Human capital further reinforces this foundation. Vietnam has steadily expanded its pool of engineers and technology graduates, enabling the development of applied AI solutions, industrial automation, and embedded systems. These technologies are closely aligned with the needs of the real economy, delivering productivity gains across manufacturing, logistics, healthcare, energy management, and public services.
However, the limited availability of senior developers and systems architects with experience in complex, state-of-the-art solutions at scale remains a constraint that will need to be addressed to sustain momentum.
Investor interest is also shaped by Vietnam’s wider external positioning. Political stability, deep integration within ASEAN, and an extensive network of free trade agreements reduce geopolitical and trade-related risks at a time of global supply chain reconfiguration. Reinforced by Vietnam’s “bamboo diplomacy”, these factors support its role as a reliable and politically neutral base for technology manufacturing and deployment. For European backers in particular, this risk profile increasingly supports long-term engagement rather than purely cost-driven decisions.

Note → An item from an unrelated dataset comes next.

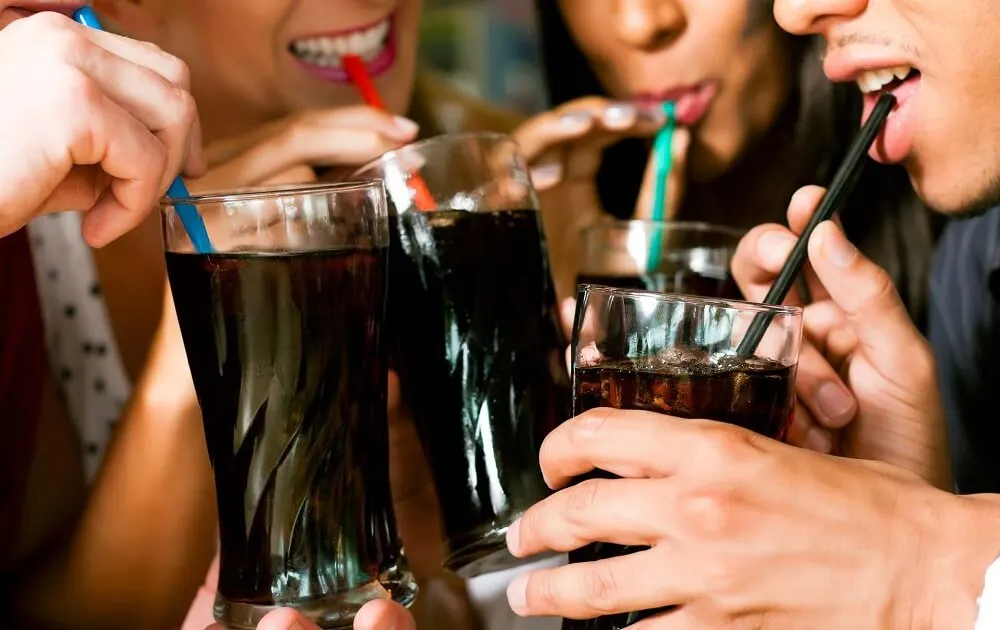 Chicos bebiendo refrescos de cola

Such long-term commitments place a premium on policy stability. For deep-tech and semiconductor projects, regulatory predictability consistently outweighs short-term fiscal incentives. Large-scale AI infrastructure and semiconductor investments involve high capital intensity and extended payback periods, making them especially sensitive to regulatory risk.
Vietnam can reinforce confidence by establishing clear and transparent pathways for nationally important technology projects, including streamlined licensing, predictable land-use arrangements, and more effective coordination between central and local authorities.
Within this policy environment, targeted incentives tend to deliver stronger results than broad-based support schemes. Priority areas include semiconductor packaging, testing, and supporting industries; AI computing infrastructure and data centres; and industrial and applied AI solutions aligned with Vietnam’s manufacturing and services base. These segments offer the greatest potential for scale, technology spillovers, and productivity gains while remaining consistent with existing capabilities.
As investment scales up, infrastructure constraints become more visible. Energy reliability has emerged as a decisive factor in technology funding decisions. AI infrastructure and data centres are highly energy-intensive and sensitive to power disruptions, making grid stability, energy availability, and renewable integration strategic enablers of Vietnam’s technology ambitions. Investors increasingly view energy policy as an integral component of the AI and semiconductor funding environment, rather than a separate consideration.
Regulatory credibility also extends beyond energy and investment licensing. Closer alignment with international standards on intellectual property protection, data governance, and AI ethics would further strengthen Vietnam’s standing with global technology corporations. European companies, in particular, operate under strict compliance frameworks and require confidence that intellectual property rights and data security will be enforced in practice. Strengthening implementation capacity, rather than relying solely on formal legal provisions, remains a key priority.
Financing represents another structural constraint. AI infrastructure, data centres, and semiconductor-related projects typically require substantial upfront investment and long payback periods that cannot be fully met through traditional bank lending alone. Vietnam has scope to combine state leadership, market mechanisms, and international capital into a balanced model suited to deep-tech development.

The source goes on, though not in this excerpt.